Es el momento de olvidar todo lo que ha pasado, todo lo que hemos vivido juntos, una historia que no tuvo principio pero que sí tuvo final. No recuerdo cómo empezó todo, supongo que lo nuestro fue como las típicas historias románticas de cine en las que un beso da lugar a la magia. Tú me hechizaste desde el momento en el que no sólo me remangué para ti sino que me quite la camisa por ti, desnudé no sólo mi cuerpo sino también mi alma, te abrí el corazón de un poeta muerto al que resucitaste con tu mirada.
¡Qué bonito era todo! Los abrazos por detrás mientras me tapabas los ojos y, después de morderme el cuello, me decías "Quiero que me lleves a conocer el mundo" y yo, confinándome a las paredes de tu corazón, te respondía que tú eras mi mundo y que todo lo que nos rodeaba sólo era materia corrompida que no se merecía albergar a una sílfide tan bella como tú. Ambos queríamos luchar por un mundo mejor, por ser libres, por no tener barreras para recorrer nuestros cuerpos cada vez que nos viniera en gana, por poder amarnos a plena luz del día sin que los ojos del castigo acechasen por cada esquina, por no tener que ocultarnos cada noche para hacer el amor.
Recuerdo cada vez que me agarrabas de la mano y echabas a correr como si te fuera la vida en ello, me dejé llevar por tu locura convirtiéndome en un loco enamorado que nunca se arrepintió de nada, me dejé llevar por tus sueños y tú apagaste las pesadillas que hacían temblar mi cuerpo atrapándome entre tus brazos cada noche, me dejé llevar por tus caricias y descubrí un mundo de sensaciones que me hizo volar entre cada uno de tus lunares, convirtiendo tu cuerpo en mi firmamento favorito. No olvido ese olor a almizcle que destilabas cada vez que el sudor empapaba nuestras sábanas, no olvido el sonido de tus cuerdas vocales enredándose entre ellas cada vez que perdías el control, no olvido el brillo de tus ojos cuando me mirabas, radiante, después de dar rienda suelta a toda la rabia que acumulabas durante el día.

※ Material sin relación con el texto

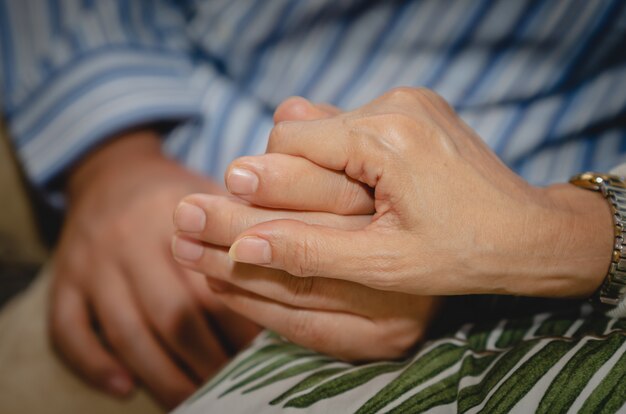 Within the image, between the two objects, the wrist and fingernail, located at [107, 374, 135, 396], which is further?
fingernail, located at [107, 374, 135, 396]

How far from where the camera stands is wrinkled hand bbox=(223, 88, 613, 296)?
1.10ft

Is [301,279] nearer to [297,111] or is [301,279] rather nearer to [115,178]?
[297,111]

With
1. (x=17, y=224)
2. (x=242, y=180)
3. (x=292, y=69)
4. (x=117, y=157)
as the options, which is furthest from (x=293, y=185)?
(x=17, y=224)

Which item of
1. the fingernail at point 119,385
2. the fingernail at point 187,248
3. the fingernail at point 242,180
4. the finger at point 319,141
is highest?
the finger at point 319,141

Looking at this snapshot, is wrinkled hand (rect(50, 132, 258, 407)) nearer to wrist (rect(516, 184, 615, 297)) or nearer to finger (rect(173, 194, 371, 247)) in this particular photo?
finger (rect(173, 194, 371, 247))

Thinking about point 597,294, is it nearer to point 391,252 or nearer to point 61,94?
point 391,252

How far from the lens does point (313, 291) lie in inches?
14.9

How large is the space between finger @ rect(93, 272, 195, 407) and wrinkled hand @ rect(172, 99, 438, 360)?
0.62 ft

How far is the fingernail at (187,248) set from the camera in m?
0.39

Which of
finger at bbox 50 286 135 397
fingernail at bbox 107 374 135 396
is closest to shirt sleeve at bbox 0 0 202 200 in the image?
finger at bbox 50 286 135 397

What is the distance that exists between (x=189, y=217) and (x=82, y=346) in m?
0.27

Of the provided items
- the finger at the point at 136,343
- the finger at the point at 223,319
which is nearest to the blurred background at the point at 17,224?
the finger at the point at 136,343

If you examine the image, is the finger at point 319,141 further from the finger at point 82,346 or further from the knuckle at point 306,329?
the finger at point 82,346

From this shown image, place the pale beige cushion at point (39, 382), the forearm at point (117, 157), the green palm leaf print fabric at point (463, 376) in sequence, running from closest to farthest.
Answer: the green palm leaf print fabric at point (463, 376)
the pale beige cushion at point (39, 382)
the forearm at point (117, 157) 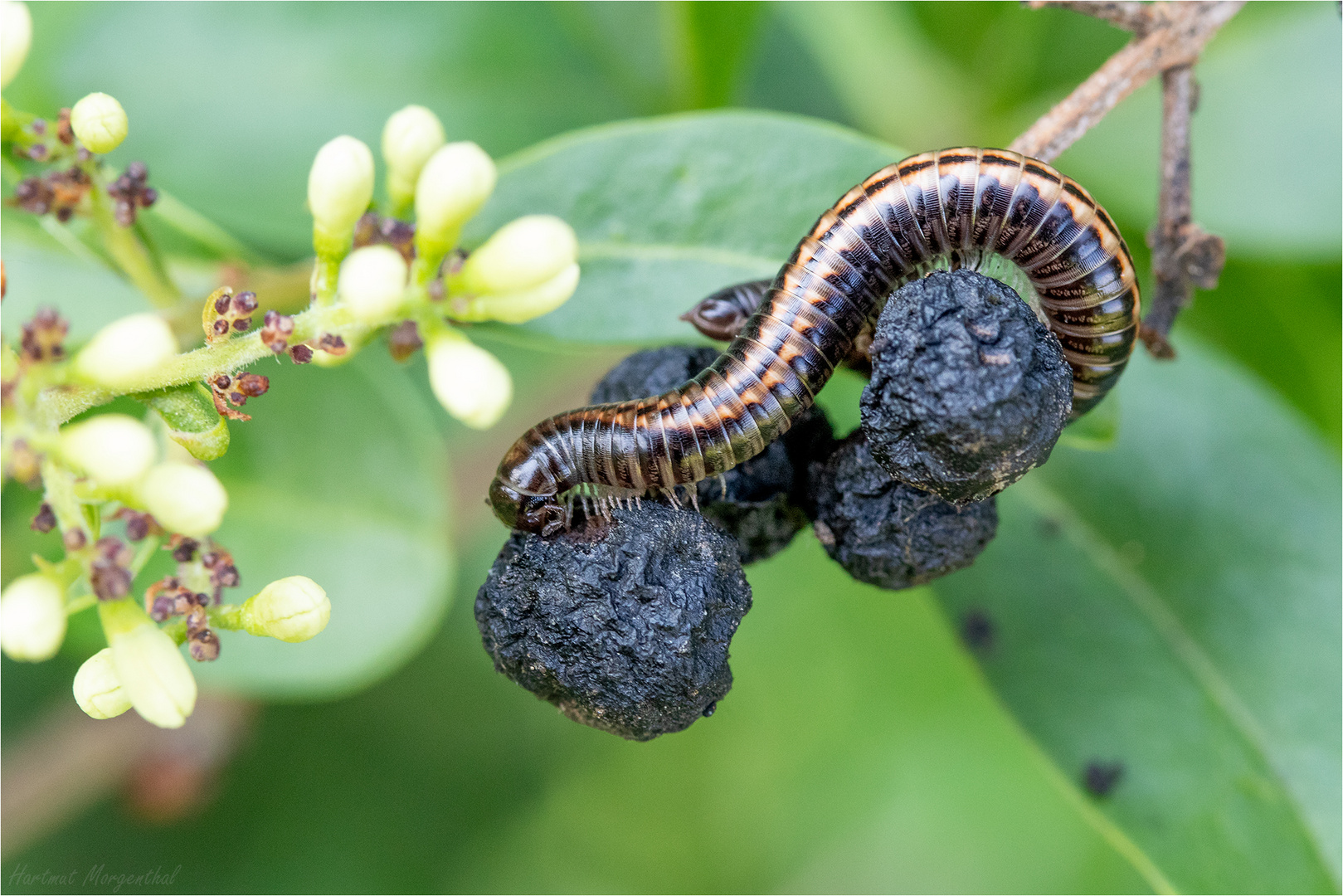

No sé si las cicatrices de mi espalda son por el peso de las pancartas con las que salía cada día a recorrer las calles de mi ciudad o por las grietas que me abrías con tus garras rogándome que no me fuera nunca de tu lado. Sangramos tanto juntos que aprendimos a lamernos las heridas como si fuésemos perros abandonados que luchaban por sobrevivir día a día. Supongo que el verdadero motivo por el que eramos incapaces de separarnos a pesar del daño que nos hacíamos, era que sólo tú eras capaz de aliviar la rabia que me provocaba vivir en un mundo sucio, roto, perdido en sus propias mentiras, y sólo yo era capaz de saciar la sed de sangre que te provocaba ver a tu familia sumida en la miseria.
Hace ya años que no sé nada de ti, pero sigo viendo tu sonrisa en cada esquina, sigo girándome cada pocos pasos rogando que salgas de algún portal o descubrir que me has estado siguiendo durante todo este tiempo, sigo llorando por las noches pensando qué fue lo que salió mal a sabiendas de que nada salió bien. Me he preguntado tantas veces qué será de ti, si habrás rehecho tu vida y si me habrás olvidado que ya me he llegado a imaginar cómo vas de la mano de otro hombre que no soy yo y cómo haces con él todo lo que hacías conmigo.
Sé que estoy mejor sin ti y también sé que si llamasen a la puerta y aparecieses tú sólo abrirías una herida de mi corazón que ya hace años fue cerrada pero que aún amenaza con volverse a abrir. Vivimos lo justo y suficiente para dejar un recuerdo tan bello que ni las lenguas más viles podrían reescribir nuestra historia con rabia y dolor, pues a pesar de que, en el fondo, nos odiamos, ambos sabemos que hubo un momento en que nos amamos con locura y es ese leve suspiro que a veces se me escapa de lo más profundo de mis entrañas, erupcionando desde la raíz de mi ventrílocuo izquierdo en el que sellaste tu nombre con el filo de tus dientes, el que sigue recordando el sabor de tus besos, el calor que acabó por apagarse muy lentamente.